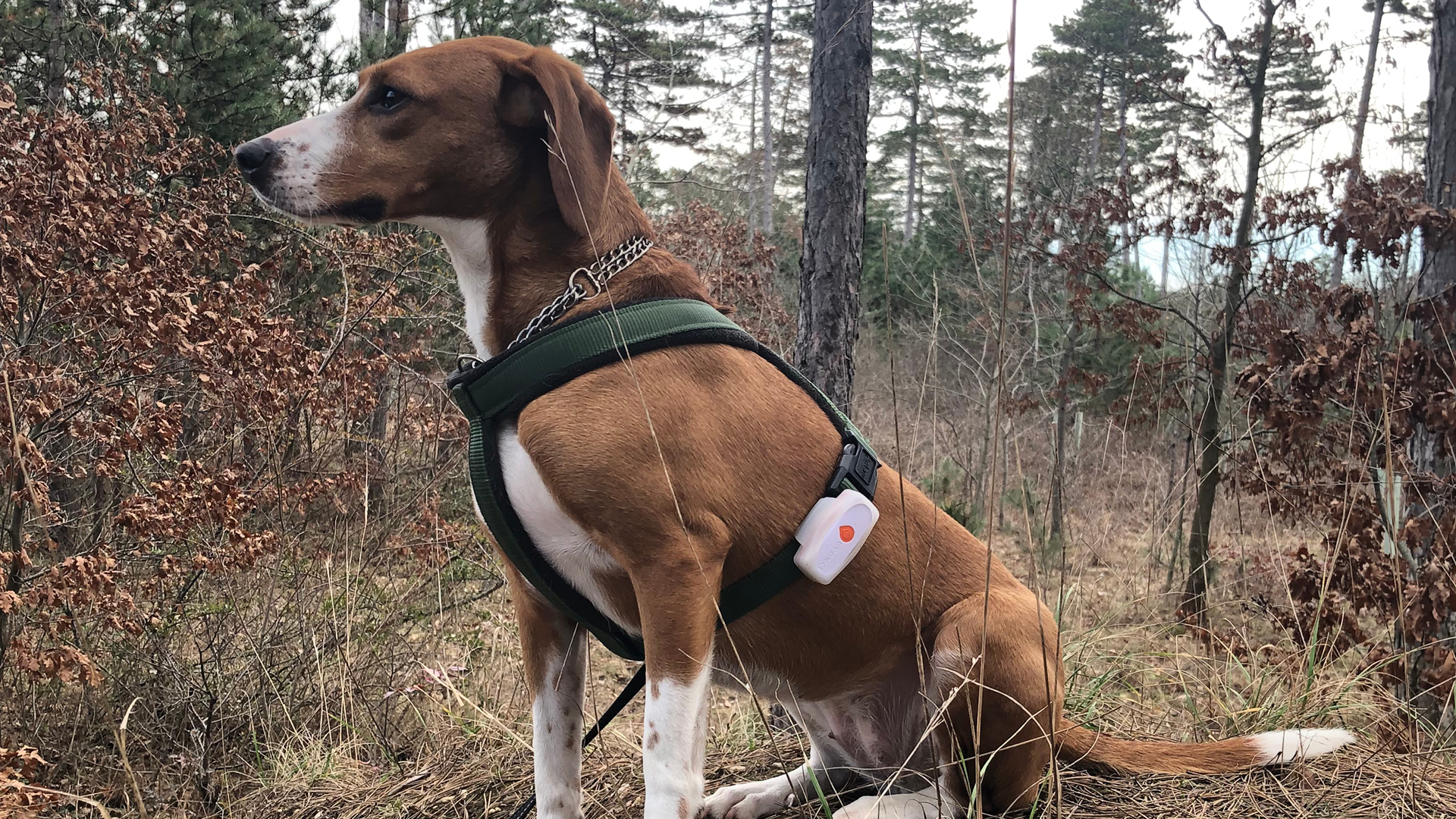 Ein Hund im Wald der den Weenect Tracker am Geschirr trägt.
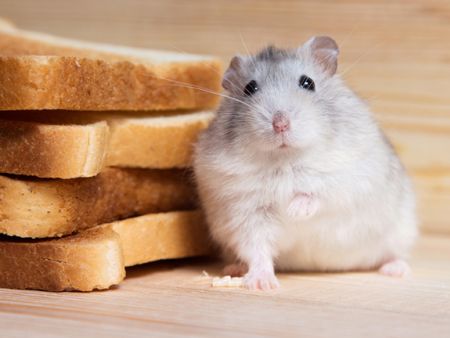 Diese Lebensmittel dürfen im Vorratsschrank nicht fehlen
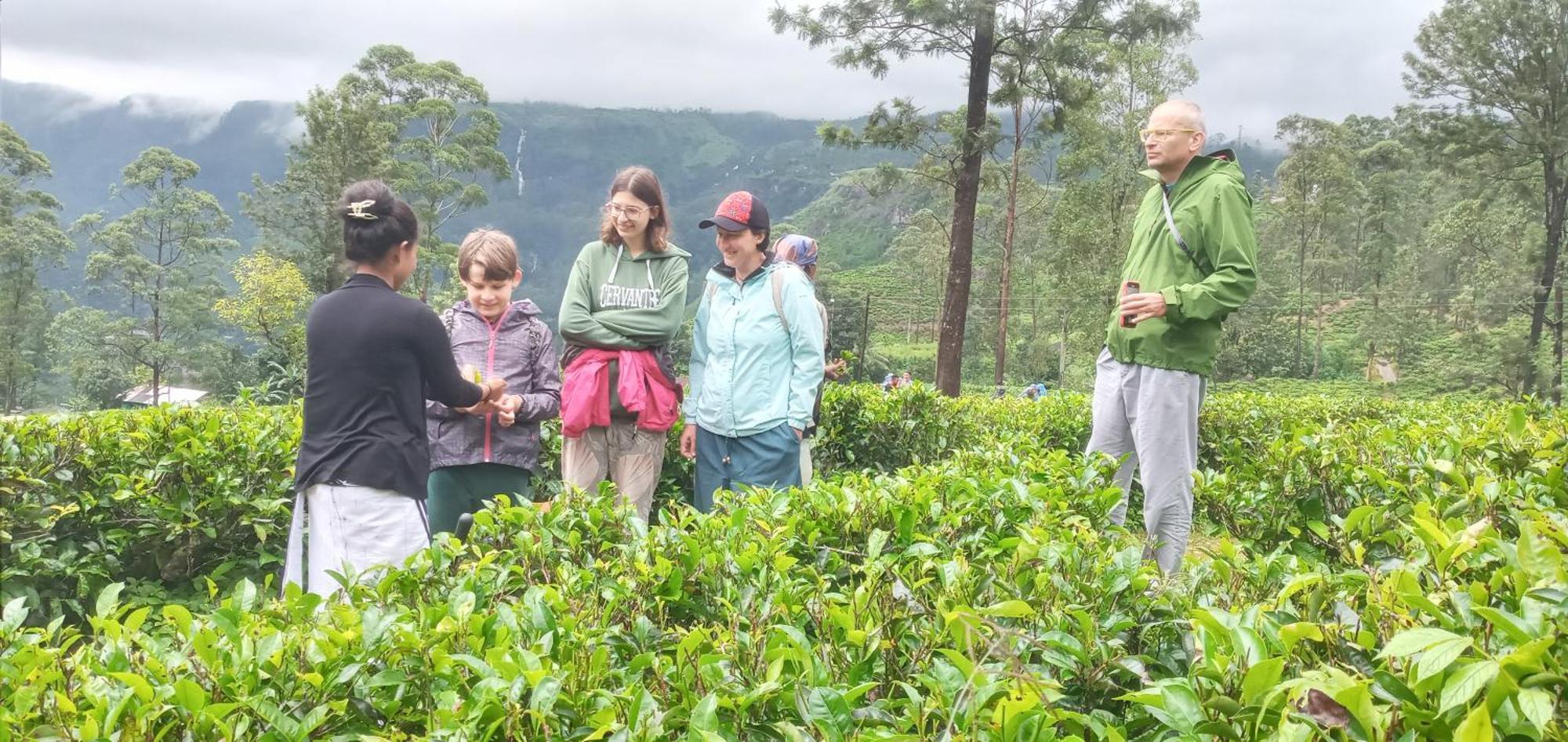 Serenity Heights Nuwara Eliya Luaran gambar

TASK DETAILS: Go through the listing above and retype it exactly, skipping every picture.

WRITTEN REPLY:
 Ein Hund im Wald der den Weenect Tracker am Geschirr trägt.
 Diese Lebensmittel dürfen im Vorratsschrank nicht fehlen
 Serenity Heights Nuwara Eliya Luaran gambar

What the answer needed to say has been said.